Entre la espesura del carrizal, el techo de paja de la ranchada apenas sobresalía sostenido por cuatro palos de amarillo atados con corteza de ibirá. Tenía tres paredes de paja quinchada con grandes boquetes, quedando abierta la parte que daba al arroyo, cubierto de camalotes, allí donde el tupido ceibal se extendía por doquier, destacando las negras ramas de los árboles sin hojas, como una procesión de espectros descarnados retorciéndose en las contorsiones del averno.

Como anochecía, colocó sus cosas sobre un catre de varas de palo de leche cubierto con un colchón de paja y, con un poco de ésta y una tijera que arrancó del techo –única leña seca de que disponía- hizo un fuego para secarse y también para prepararse un mate, llenando su pava con agua del arroyo, mientras los mosquitos zumbaban a su alrededor. Y allí, ya oscurecido, estaba ahora Baltasar Acosta contemplando silencioso el fuego, bajo la cortina espesa del monte blanco, del que llegaba el murmullo del viento y el grito de algún pájaro nocturno como el solo eco de ese mundo salvaje y sombrío del que se consideraba el único dueño.

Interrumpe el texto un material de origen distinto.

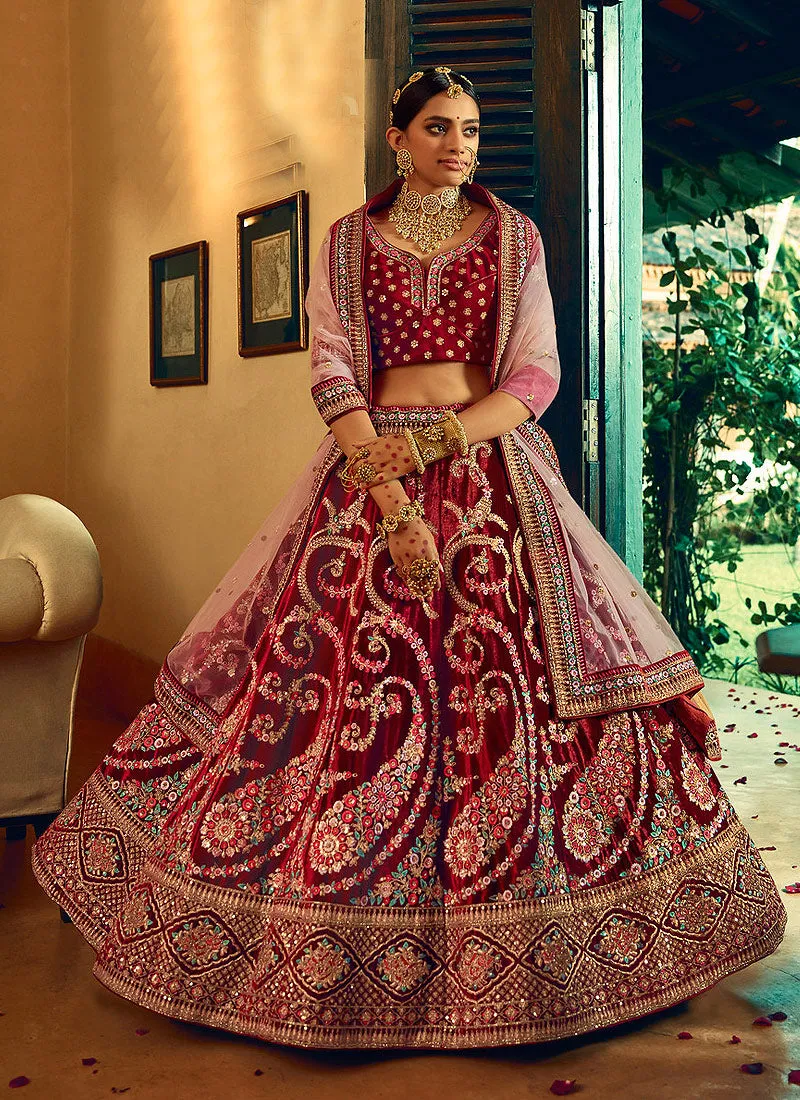 Deep Red Multi Embroidered velvet Wedding Lehenga Choli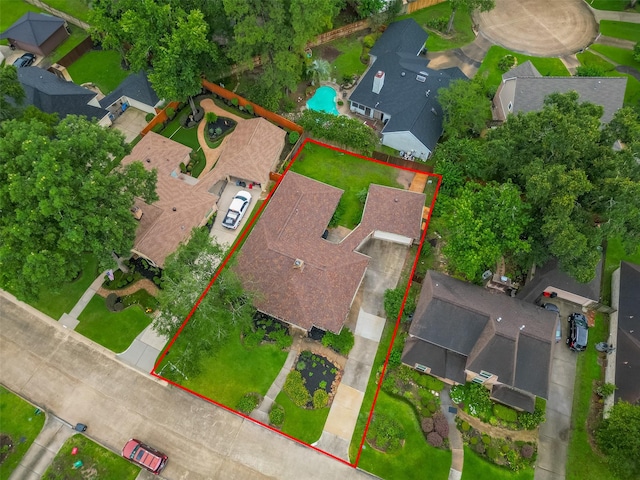 2718 Silver Falls Dr, Kingwood, TX 77339 - aerial perspective of suburban area with property boundaries highlighted and a pool area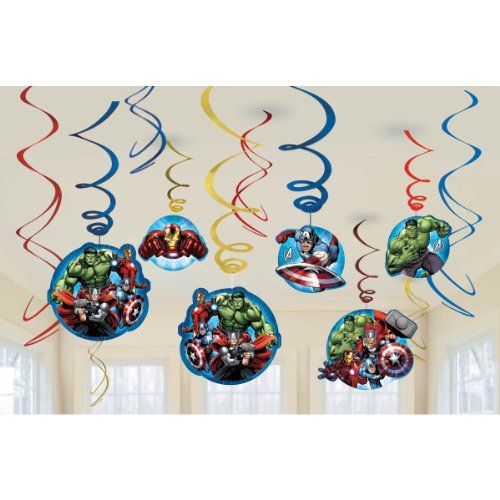 Party Balloon Avengers Hanging Swirls - 60cm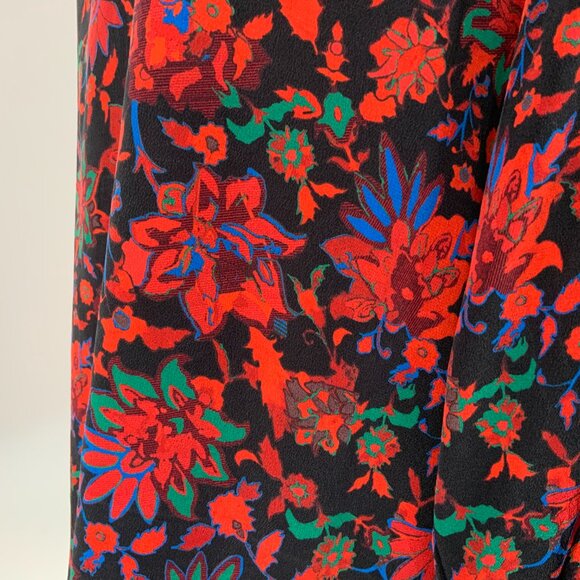 Rag & Bone Emily Tie-Neck Floral Silk Blouse Sz M - Picture 11 of 16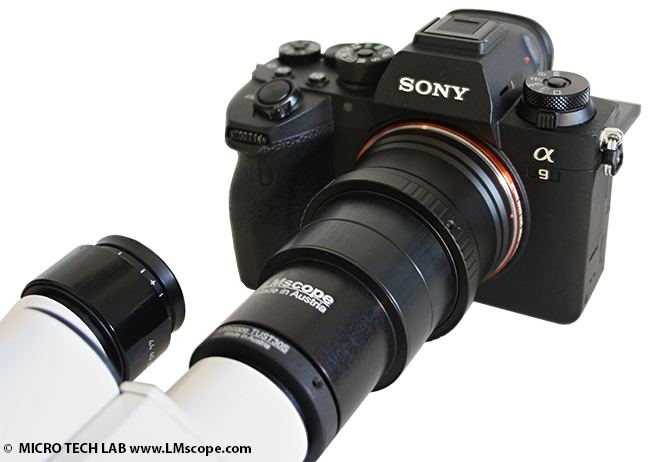 Mikroskopkamera / Okularkamera: Sony Alpha 9 ILCE9 Montage Mikroskop-Okular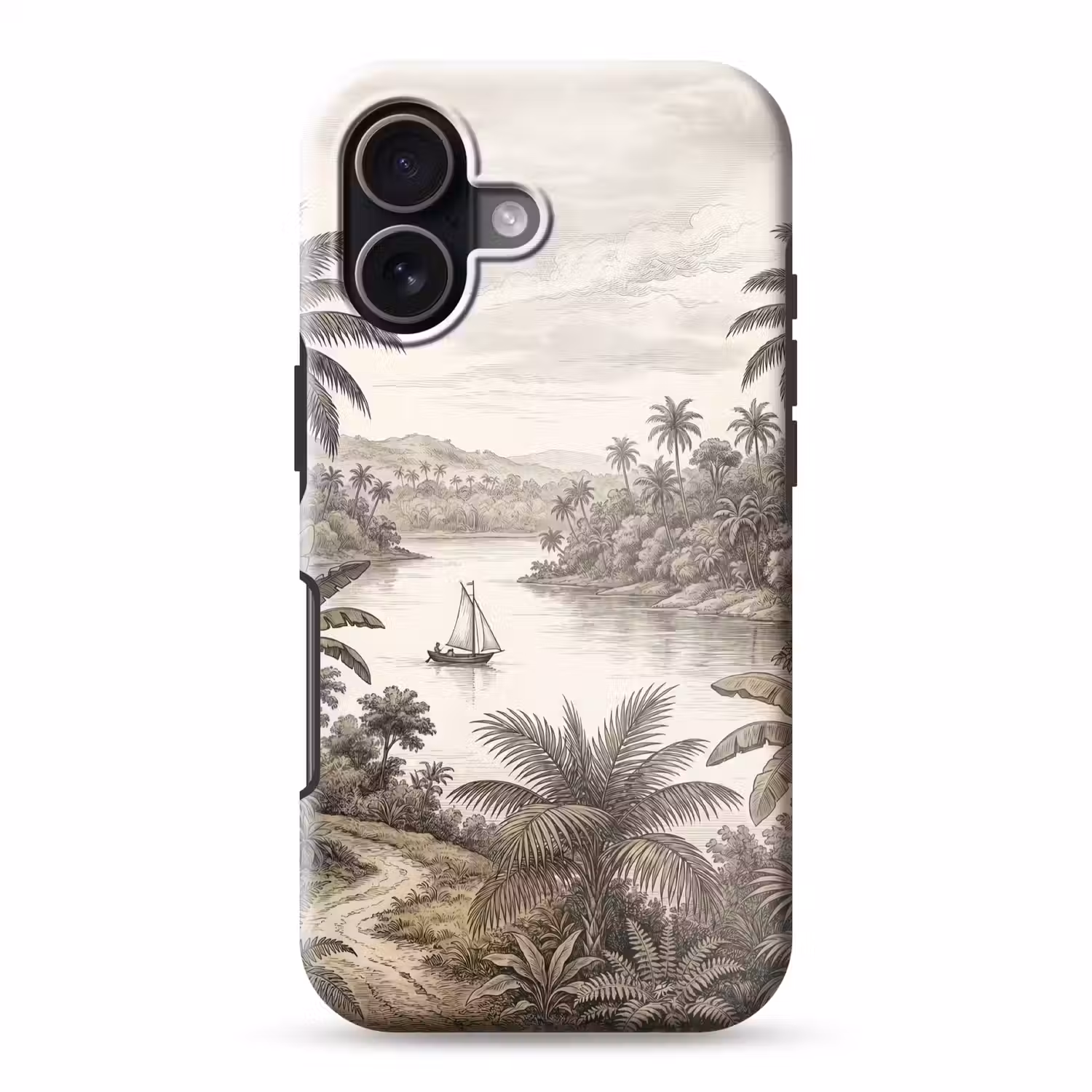 Landschap - Rivier - Boot - Tropisch - Vintage Toughcase MagSafe Apple iPhone 17 klein -3d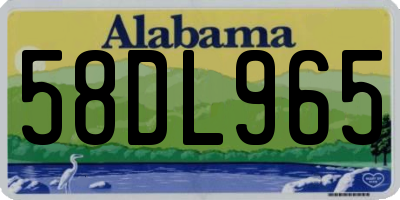 AL license plate 58DL965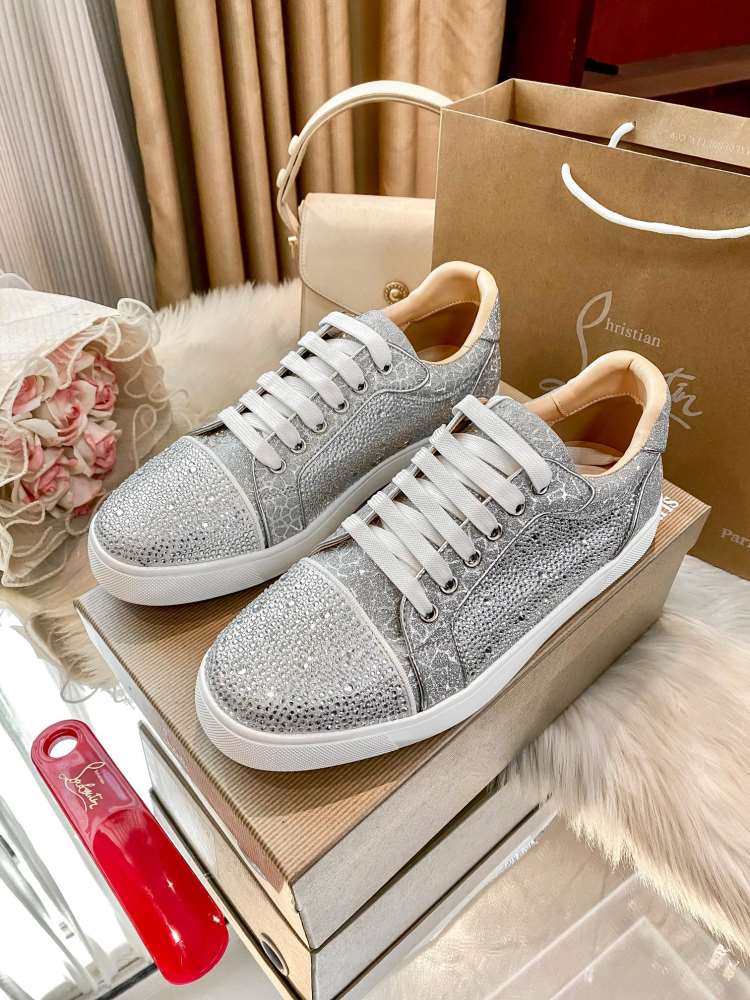 2026発売【Christian Louboutin】スニーカー レザー スパンコール 満テDiam シルバー×ベージュ×ホワイト パーティー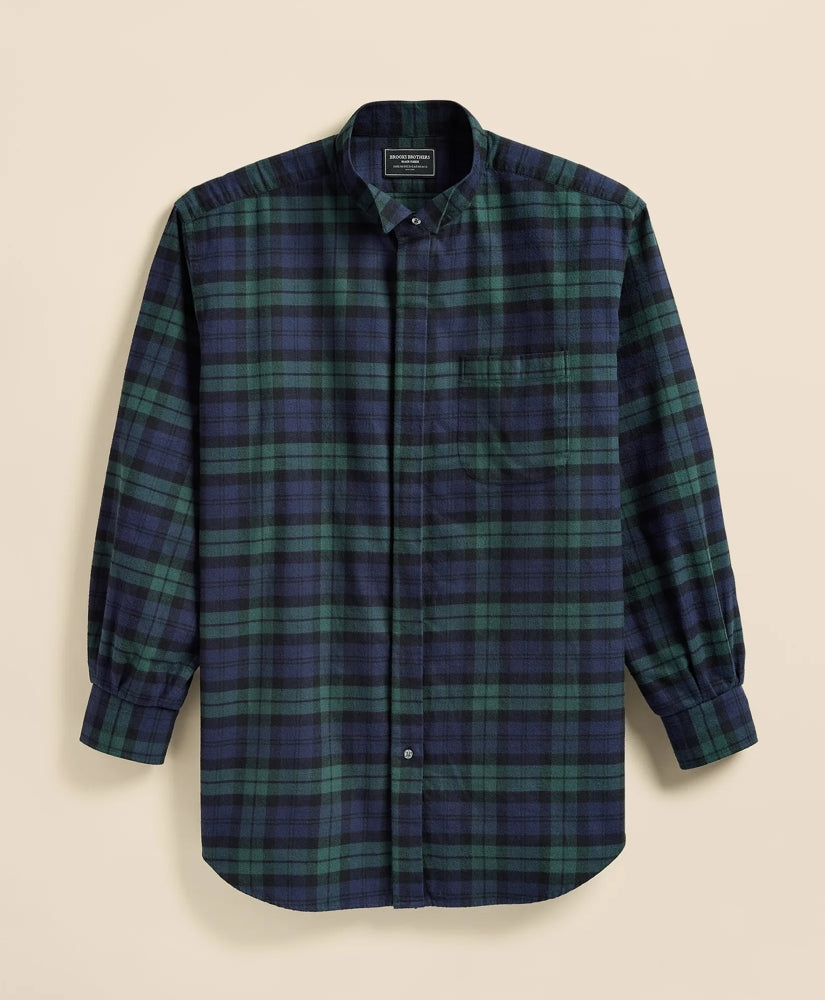 Brooks Brothers X Engineered Garments Cotton Flannel Wing Collar Oversized, Tartan Dress Shirt
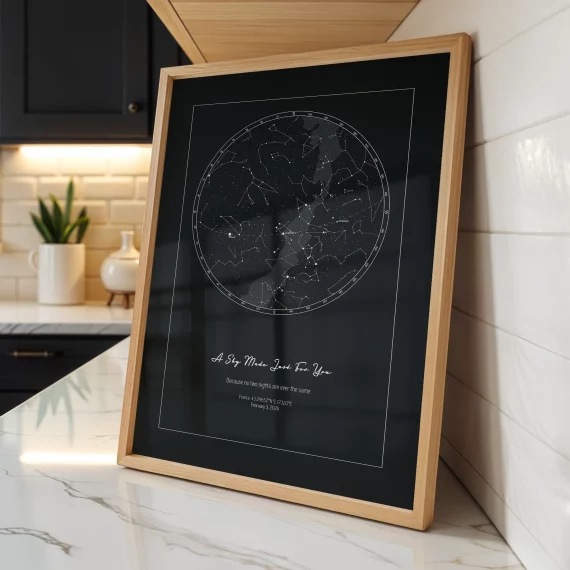 Framed Birthday Star Map poster with dark constellation design displayed in modern kitchen.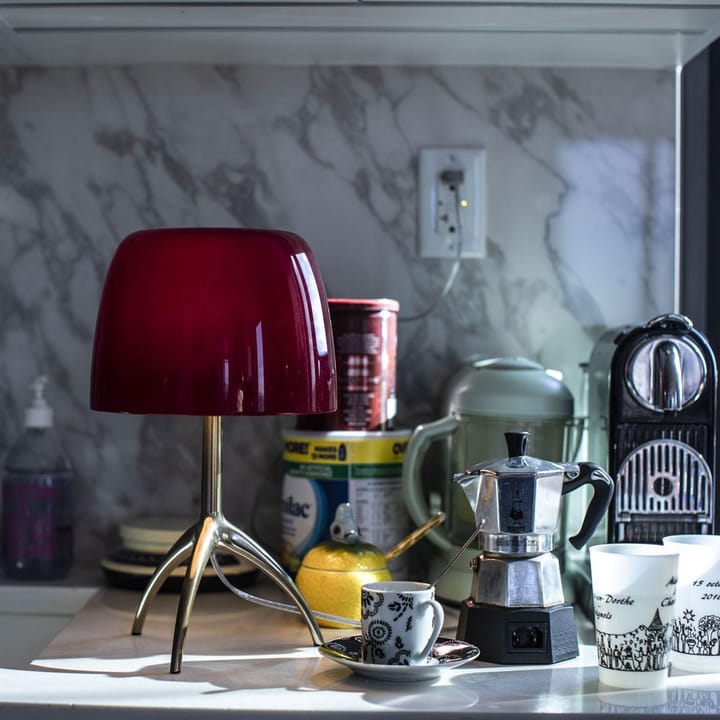 Lumiere Piccola Dimbar bordlampe, Hvit skjerm-aluminiumfot Foscarini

Al día siguiente, en que amaneció densamente nublado y frío, aunque no lluvioso, ya estaba de pie preparando sus trampas mientras otra vez el fuego, su viejo compañero, calentaba alegremente la pava para el mate, que tomó con galleta. En seguida comenzó a colocarse los “mangos”, cubriéndose las manos con arpilleras en la misma forma que tenía cubiertas las pantorrillas, con el fin de evitar el tajo de las filosas hojas de la cortadera. Cuando hubo concluido, cargo las trampas y, dejando atrás la ranchada, avanzó entre el carrizal hacia los inmensos esteros del interior de las islas como espíritu viviente de aquel paisaje silvestre y bravío. Matorrales de chilca, carqueja, algodonillo y naranjillo, empapados por la llovizna del día anterior, le cerraban el camino y debía ir apartándolos con los brazos, protegiéndose la cara para poder avanzar, pasando entre matas de plumachos y paja colorada, tropezando con los troncos de ceibo caídos y medio deshechos en el suelo y enredándose en las marañas del catay que le sujetaban los pies haciéndolo trastabillar con su carga. Aún antes de terminar el ceibal, cargado de suelda con suelda, claveles del aire y helecho fino, sumergido ya entre la cortadera, sus “tamangos” se fueron hundiendo cada vez más en el barro fofo del estero, bajo una capa de agua que le llegaba hasta más arriba de las pantorrillas, haciendo su marcha lenta y trabajosa.

Con el fin de orientarse y con alguna dificultad, se trepó al tronco de los últimos ceibos que tenía por delante y a su vista apareció, sin ningún límite, el inmenso mar de la maciega como una imponente pampa de pajonal desierto y uniforme, ya amarillando por los fríos del invierno, que se extendía hasta el fondo del horizonte, hacia el Uruguay, apenas cortado en toda su extensión hacia el Sur, por la breve faja del monte blanco de una horqueta que iba a salir al Bravo.

Baltasar Acosta descendió y reinició su marcha abriéndose camino entre el pajonal de cortaderas, alto hasta más de dos metros, que sus brazos iban apartando para permitirle avanzar, dejándose caer hacia adelante sobre él para abrir brecha, y levantando un crujido de hojas secas que iba delatando su paso. Otros pájaros, distintos de los del monte, huían asustados de entre las pajas para posarse en algún sarandí o rama negra, mientras desde la vara de los juncos o las flores de totora, donde columpiaban su hermoso capuchón rojo, llegaba el fúnebre grito de los federales.

A medida que avanzaba, entre verdaderas murallas amarillentas, que le cerraban la visual del horizonte a centímetros de sus ojos, Acosta iba mirando atentamente hacia el suelo tratando de descubrir, al pasar, algún rastro de nutrias. De tanto en tanto un tallo de totora comido o una senda delataban la presencia de los animales, permitiéndole colocar sobre esas sendas las trampas con los resortes bien tensos, a uno de cuyos costados pendía una cadena con un alambre doblado enganchado que hacía de ancla, para impedir la huída del que cayera.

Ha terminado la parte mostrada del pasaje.